AFC underwrites and originates unsecured fixed-rate loans of $1,000 to $20,000 for energy-efficiency improvements and bases its loan decisions largely on FICO credit scores, debt-to-income ratios, and employment verification. AFC relies on over 2,500 AFC-approved contractors, including 1,600 in Pennsylvania, to market energy loans to homeowners and provide energy products and services.
Contractors set up a “blower door test” at an exterior door of a house to determine air-tightness. The blower door has a fan that pulls air out of the house, lowering the air pressure inside the house. The higher outside air pressure flows into the house through all unsealed cracks and openings and is identified by an infrared camera or other means.
This year, AFC opened a training center for green jobs training and contractor education in cooperation with Lehigh Carbon Community College. AFC has trained 500 contractors to Building Performance Institute standards and is adding training in geothermal and solar installation.
AFC is cocreator and administrator of programs in three states: Pennsylvania’s Keystone Home Energy Loan Program (HELP), Connecticut’s Solar Lease1 and Energy Efficiency Fund Residential Financing Programs, and the new Kentucky Home Performance Financing Program.

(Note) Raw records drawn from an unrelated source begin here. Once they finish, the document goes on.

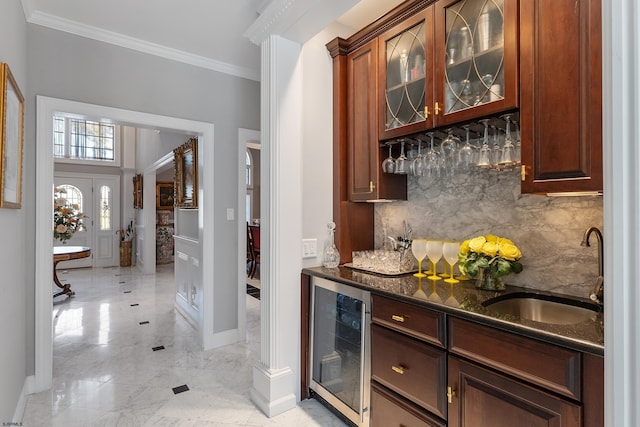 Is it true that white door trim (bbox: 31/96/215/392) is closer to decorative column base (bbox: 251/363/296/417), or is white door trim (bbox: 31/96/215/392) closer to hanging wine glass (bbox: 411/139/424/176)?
decorative column base (bbox: 251/363/296/417)

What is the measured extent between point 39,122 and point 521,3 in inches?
120

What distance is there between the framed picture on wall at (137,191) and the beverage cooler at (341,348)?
6.50 m

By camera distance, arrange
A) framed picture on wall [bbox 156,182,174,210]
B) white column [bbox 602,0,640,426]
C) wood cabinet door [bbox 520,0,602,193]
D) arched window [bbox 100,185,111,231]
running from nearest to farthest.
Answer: white column [bbox 602,0,640,426] < wood cabinet door [bbox 520,0,602,193] < arched window [bbox 100,185,111,231] < framed picture on wall [bbox 156,182,174,210]

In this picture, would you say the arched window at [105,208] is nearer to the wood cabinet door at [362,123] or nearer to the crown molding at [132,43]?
→ the crown molding at [132,43]

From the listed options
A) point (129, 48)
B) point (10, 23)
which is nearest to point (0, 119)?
point (10, 23)

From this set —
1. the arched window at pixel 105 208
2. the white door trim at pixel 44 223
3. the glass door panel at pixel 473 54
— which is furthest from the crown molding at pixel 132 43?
the arched window at pixel 105 208

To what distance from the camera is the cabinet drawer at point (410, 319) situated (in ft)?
4.68

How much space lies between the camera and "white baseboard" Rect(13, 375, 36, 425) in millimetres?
1971

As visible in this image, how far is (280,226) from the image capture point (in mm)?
2129

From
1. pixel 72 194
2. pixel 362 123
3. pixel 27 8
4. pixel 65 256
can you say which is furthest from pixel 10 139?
pixel 72 194

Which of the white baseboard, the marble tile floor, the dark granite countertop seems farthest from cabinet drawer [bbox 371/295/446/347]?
the white baseboard

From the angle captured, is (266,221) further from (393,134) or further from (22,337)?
(22,337)

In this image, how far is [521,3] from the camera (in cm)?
142

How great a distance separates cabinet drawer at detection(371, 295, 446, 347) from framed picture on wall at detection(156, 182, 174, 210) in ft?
25.9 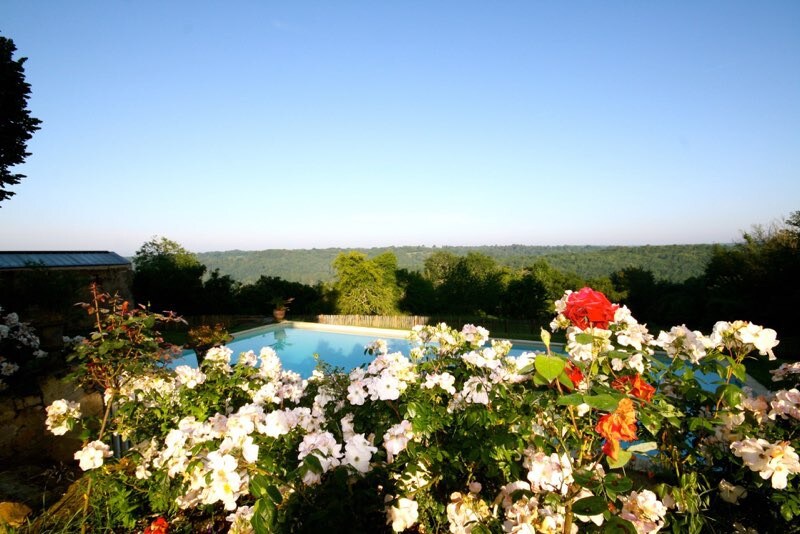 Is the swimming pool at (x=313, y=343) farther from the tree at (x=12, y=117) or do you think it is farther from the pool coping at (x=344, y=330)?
the tree at (x=12, y=117)

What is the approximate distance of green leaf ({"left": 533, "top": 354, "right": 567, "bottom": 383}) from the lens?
3.01ft

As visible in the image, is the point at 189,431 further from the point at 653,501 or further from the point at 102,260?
the point at 102,260

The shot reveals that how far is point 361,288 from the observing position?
65.7 feet

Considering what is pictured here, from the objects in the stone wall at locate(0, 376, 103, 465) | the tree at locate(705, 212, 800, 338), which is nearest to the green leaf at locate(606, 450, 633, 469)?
the stone wall at locate(0, 376, 103, 465)

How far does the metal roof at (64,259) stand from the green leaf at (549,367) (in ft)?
42.2

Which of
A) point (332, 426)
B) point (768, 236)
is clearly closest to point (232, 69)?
point (332, 426)

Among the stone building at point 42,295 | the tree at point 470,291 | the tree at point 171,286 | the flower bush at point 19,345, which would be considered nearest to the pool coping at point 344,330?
the tree at point 171,286

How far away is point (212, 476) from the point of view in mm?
1124

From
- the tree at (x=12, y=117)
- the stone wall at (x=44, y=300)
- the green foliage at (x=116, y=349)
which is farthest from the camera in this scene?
the tree at (x=12, y=117)

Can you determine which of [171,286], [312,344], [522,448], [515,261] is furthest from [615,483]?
→ [515,261]

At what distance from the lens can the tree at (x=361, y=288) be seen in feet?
64.6

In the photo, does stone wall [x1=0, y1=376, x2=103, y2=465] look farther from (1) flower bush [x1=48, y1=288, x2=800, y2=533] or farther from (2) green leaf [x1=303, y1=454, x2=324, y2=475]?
(2) green leaf [x1=303, y1=454, x2=324, y2=475]

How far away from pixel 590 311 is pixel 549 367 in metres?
0.50

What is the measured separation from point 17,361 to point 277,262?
75632 millimetres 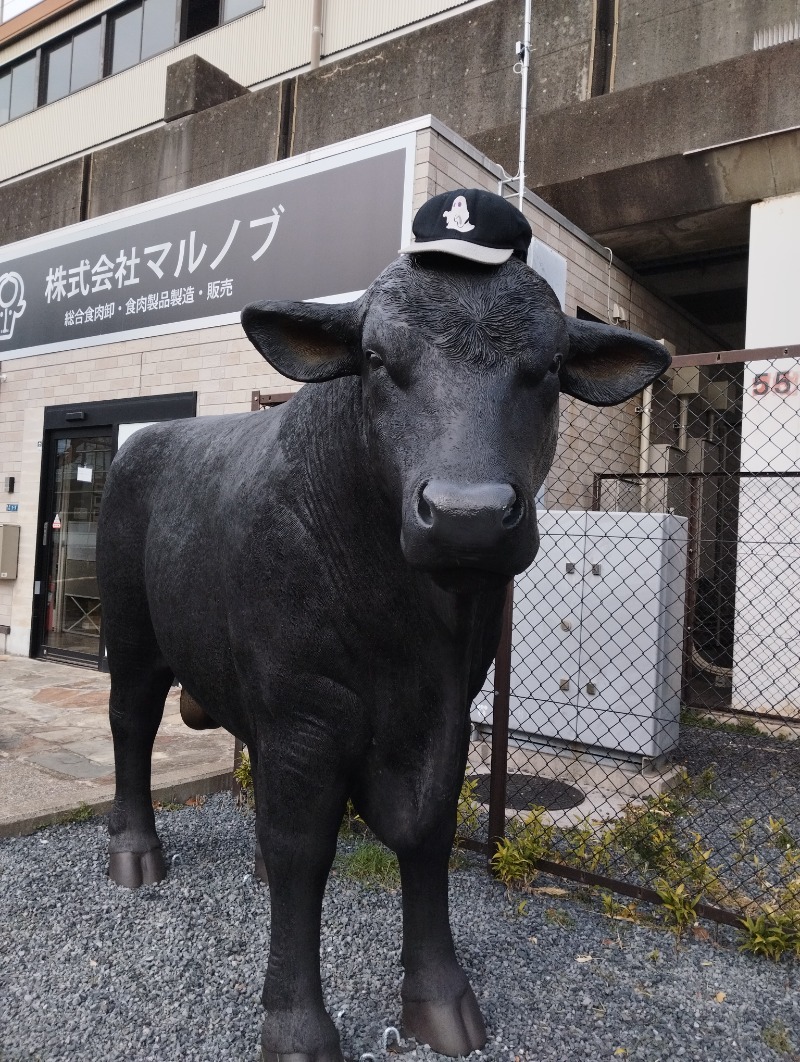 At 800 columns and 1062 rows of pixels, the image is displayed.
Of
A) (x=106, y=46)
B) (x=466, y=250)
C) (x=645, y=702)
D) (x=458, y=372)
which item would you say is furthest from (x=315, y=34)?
(x=458, y=372)

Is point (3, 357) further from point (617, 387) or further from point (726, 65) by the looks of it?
point (617, 387)

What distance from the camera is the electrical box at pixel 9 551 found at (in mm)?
8469

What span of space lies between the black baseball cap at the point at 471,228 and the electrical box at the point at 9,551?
7978 millimetres

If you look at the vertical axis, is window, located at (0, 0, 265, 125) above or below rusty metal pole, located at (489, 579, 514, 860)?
above

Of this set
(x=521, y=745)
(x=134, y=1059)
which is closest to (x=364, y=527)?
(x=134, y=1059)

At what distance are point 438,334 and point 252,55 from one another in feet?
37.1

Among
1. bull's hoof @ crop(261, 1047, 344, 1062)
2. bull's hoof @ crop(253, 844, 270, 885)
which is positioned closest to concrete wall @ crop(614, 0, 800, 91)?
bull's hoof @ crop(253, 844, 270, 885)

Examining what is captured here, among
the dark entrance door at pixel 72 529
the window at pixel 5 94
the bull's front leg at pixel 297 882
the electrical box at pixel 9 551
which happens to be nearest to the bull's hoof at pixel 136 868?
the bull's front leg at pixel 297 882

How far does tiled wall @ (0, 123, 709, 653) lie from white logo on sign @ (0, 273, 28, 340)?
1.31 feet

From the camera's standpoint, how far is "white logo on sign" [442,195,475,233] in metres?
1.60

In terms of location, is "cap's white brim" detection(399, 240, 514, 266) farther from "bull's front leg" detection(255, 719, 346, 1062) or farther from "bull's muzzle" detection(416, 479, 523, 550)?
Answer: "bull's front leg" detection(255, 719, 346, 1062)

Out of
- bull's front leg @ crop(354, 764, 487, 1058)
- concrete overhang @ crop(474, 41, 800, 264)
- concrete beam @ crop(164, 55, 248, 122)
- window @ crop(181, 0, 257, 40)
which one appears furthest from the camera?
window @ crop(181, 0, 257, 40)

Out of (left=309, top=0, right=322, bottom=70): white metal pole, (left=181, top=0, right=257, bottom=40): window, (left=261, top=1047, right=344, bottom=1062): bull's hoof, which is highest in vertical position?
(left=181, top=0, right=257, bottom=40): window

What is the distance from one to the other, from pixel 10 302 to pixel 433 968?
8.85 metres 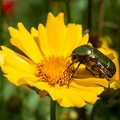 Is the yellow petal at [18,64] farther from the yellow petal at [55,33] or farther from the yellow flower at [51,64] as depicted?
the yellow petal at [55,33]

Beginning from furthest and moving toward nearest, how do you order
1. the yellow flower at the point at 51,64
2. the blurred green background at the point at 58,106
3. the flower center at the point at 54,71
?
1. the blurred green background at the point at 58,106
2. the flower center at the point at 54,71
3. the yellow flower at the point at 51,64

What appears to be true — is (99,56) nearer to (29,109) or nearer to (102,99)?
(102,99)

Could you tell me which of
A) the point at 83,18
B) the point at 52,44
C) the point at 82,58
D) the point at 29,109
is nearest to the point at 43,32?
the point at 52,44

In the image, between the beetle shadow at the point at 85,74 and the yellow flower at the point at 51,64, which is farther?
the beetle shadow at the point at 85,74

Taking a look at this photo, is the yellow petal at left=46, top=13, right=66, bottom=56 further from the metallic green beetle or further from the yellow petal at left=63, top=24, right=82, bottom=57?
the metallic green beetle

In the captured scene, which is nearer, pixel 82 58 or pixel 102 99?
pixel 82 58

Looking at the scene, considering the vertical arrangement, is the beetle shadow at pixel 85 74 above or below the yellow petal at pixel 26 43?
below

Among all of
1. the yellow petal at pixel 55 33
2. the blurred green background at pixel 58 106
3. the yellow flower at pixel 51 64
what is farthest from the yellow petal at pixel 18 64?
the blurred green background at pixel 58 106

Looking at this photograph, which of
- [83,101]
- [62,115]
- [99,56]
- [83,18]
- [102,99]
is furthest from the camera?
[83,18] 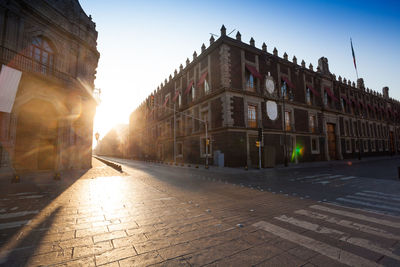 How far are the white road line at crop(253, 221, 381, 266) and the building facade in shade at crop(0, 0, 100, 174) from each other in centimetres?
1584

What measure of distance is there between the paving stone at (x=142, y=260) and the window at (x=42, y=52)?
55.2 ft

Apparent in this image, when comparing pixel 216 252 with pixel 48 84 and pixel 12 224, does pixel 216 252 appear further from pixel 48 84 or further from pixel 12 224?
pixel 48 84

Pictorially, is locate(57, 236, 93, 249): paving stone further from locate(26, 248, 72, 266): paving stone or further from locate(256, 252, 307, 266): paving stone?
locate(256, 252, 307, 266): paving stone

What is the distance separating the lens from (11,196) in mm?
6340

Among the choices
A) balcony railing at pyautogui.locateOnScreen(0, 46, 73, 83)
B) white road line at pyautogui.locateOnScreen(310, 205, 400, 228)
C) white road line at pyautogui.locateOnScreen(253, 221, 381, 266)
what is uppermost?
balcony railing at pyautogui.locateOnScreen(0, 46, 73, 83)

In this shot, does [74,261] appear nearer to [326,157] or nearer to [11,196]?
[11,196]

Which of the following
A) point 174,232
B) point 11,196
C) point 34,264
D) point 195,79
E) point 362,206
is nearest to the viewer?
point 34,264

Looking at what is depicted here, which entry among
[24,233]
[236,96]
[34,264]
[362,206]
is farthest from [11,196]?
[236,96]

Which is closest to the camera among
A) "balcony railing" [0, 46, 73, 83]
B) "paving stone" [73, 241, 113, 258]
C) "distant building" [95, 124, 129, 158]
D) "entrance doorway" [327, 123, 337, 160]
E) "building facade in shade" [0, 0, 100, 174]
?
"paving stone" [73, 241, 113, 258]

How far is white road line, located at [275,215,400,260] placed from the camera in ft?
9.01

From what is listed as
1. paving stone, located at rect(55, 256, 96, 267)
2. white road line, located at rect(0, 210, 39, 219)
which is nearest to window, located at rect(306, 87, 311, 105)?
paving stone, located at rect(55, 256, 96, 267)

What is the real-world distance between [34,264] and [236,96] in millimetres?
19971

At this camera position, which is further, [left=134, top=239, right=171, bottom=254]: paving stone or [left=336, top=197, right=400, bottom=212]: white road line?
[left=336, top=197, right=400, bottom=212]: white road line

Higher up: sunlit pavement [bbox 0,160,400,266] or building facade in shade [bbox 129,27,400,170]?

In 21 other states, it makes energy-efficiency loans through programs operated by 15 manufacturers and four utilities.2 These are 10-year unsecured market-rate loans that AFC sells to Fannie Mae. AFC is one of three lenders authorized to sell energy loans to Fannie Mae.
Since 1999, AFC has closed over 17,000 energy loans totaling more than $120 million.3 It currently services 6,200 energy loans with balances of $35 million. As of June 30, 2010, its cumulative default rate was 1.1 percent, and its 90-day delinquency rate was 1.4 percent, AFC said.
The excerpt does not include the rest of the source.